PROVIDED DATA →
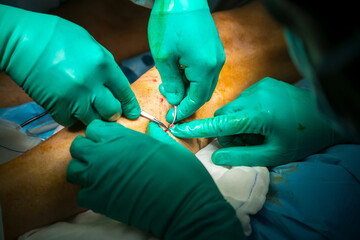 Process of varicose vein surgery in hospital, operating room, vein sealing, venous vascular surgery...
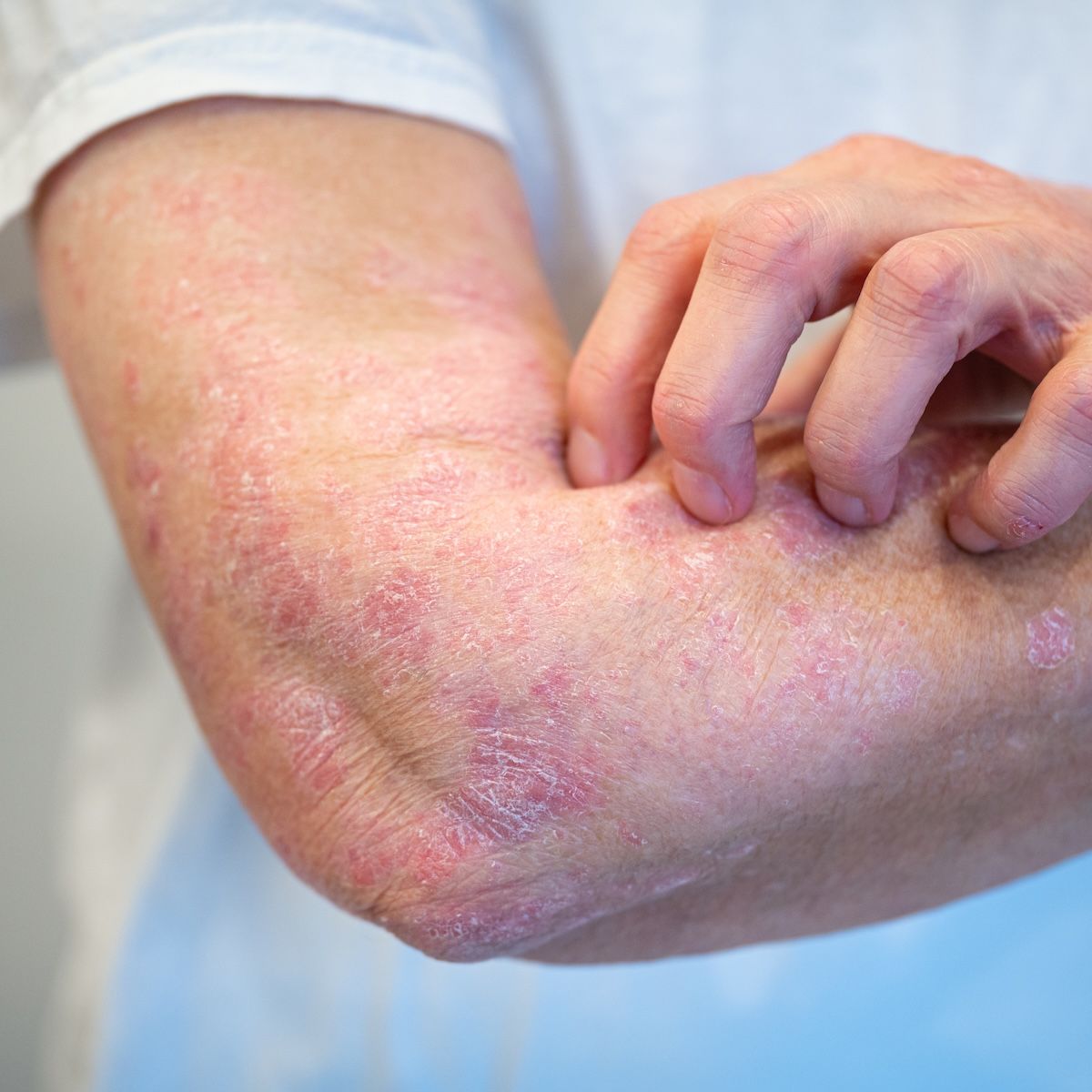 AC-201, an TYK2/JAK1 Inhibitor, Hits PASI-75 at Week 12 in Psoriasis Phase 2 Trial | Image Credit: Adobe Stock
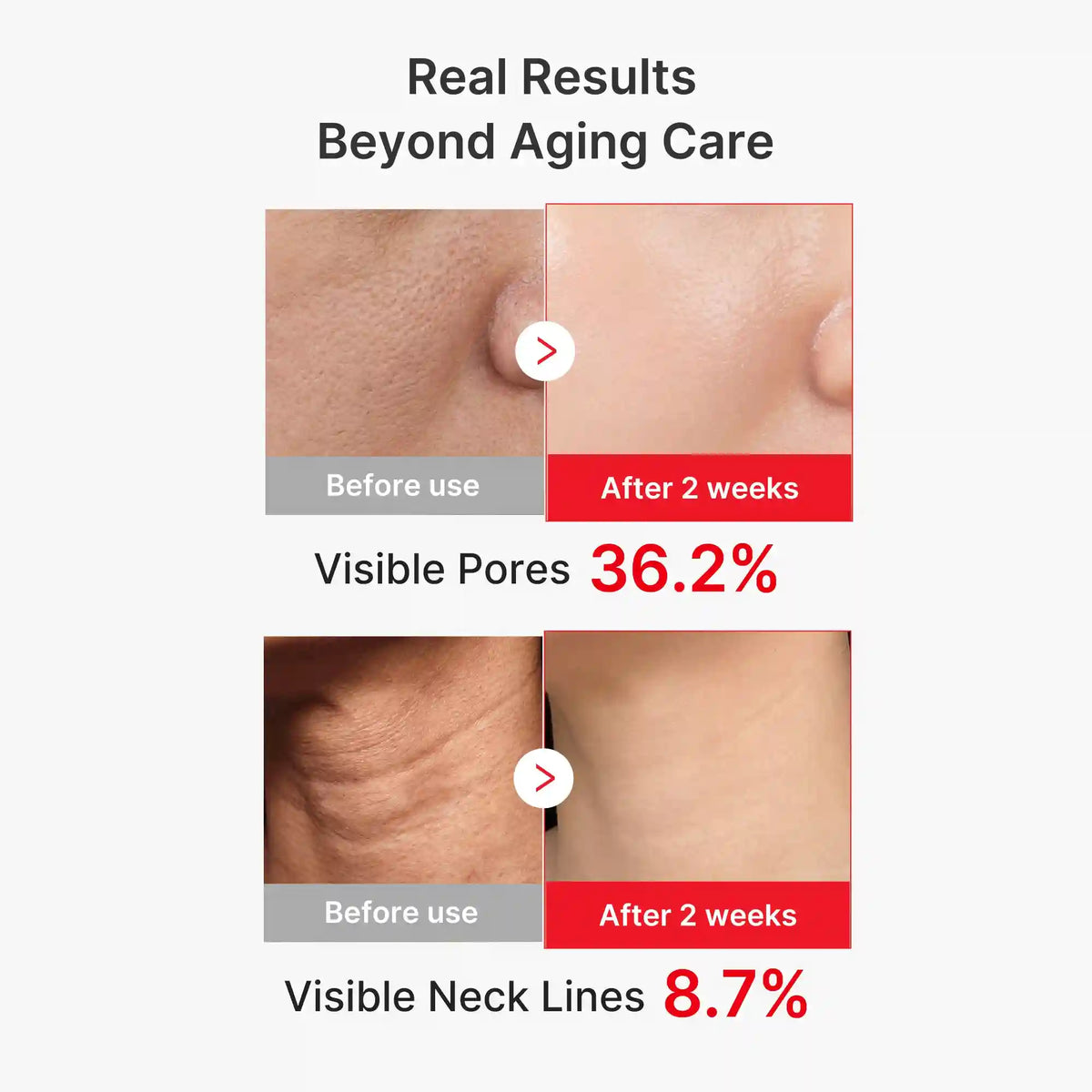 7-Day Anti-Aging & Plump Set
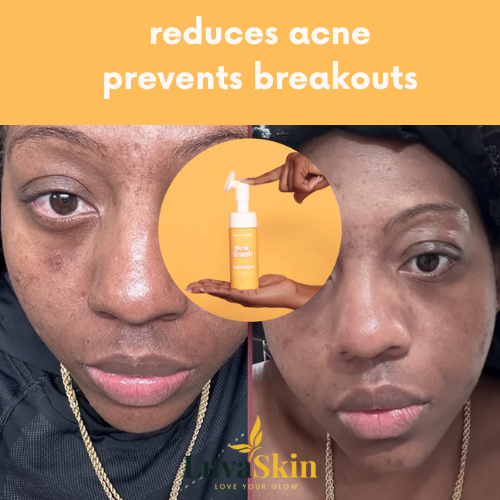 Turmeric & Kojic Acid Glow Wash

TASK PROMPT →
All of the data above must be printed exactly, minus its pictures.

WRITTEN ANSWER →
 Process of varicose vein surgery in hospital, operating room, vein sealing, venous vascular surgery...
 AC-201, an TYK2/JAK1 Inhibitor, Hits PASI-75 at Week 12 in Psoriasis Phase 2 Trial | Image Credit: Adobe Stock
 7-Day Anti-Aging & Plump Set
 Turmeric & Kojic Acid Glow Wash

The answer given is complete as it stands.